* _WHAT YOU WILL DO_: Pull out each line of the records holding the string "Design".

* _AVAILABLE DATA_:
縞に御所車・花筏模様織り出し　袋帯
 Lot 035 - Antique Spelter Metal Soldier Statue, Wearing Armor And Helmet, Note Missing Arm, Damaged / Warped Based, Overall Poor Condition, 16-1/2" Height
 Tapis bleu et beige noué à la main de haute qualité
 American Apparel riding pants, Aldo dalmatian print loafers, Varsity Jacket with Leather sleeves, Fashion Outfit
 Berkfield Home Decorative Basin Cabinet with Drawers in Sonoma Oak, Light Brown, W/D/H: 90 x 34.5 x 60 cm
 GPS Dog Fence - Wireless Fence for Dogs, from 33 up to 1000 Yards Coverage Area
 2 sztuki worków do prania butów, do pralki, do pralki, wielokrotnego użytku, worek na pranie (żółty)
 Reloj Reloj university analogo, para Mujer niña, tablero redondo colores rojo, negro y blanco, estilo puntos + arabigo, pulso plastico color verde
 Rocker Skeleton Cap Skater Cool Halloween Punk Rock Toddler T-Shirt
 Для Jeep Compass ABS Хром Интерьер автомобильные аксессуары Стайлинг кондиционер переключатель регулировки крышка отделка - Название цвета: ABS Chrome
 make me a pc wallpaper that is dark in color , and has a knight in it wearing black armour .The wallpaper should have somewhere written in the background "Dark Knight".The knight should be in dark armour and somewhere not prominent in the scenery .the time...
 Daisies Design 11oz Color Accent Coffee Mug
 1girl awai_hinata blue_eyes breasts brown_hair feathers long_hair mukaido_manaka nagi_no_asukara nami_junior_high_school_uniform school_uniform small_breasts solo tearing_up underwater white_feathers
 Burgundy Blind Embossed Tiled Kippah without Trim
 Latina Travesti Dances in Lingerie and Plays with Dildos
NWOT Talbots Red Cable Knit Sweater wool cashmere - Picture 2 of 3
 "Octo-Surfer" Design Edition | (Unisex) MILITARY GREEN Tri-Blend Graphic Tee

* _ANSWER BELOW_:
 Daisies Design 11oz Color Accent Coffee Mug
 "Octo-Surfer" Design Edition | (Unisex) MILITARY GREEN Tri-Blend Graphic Tee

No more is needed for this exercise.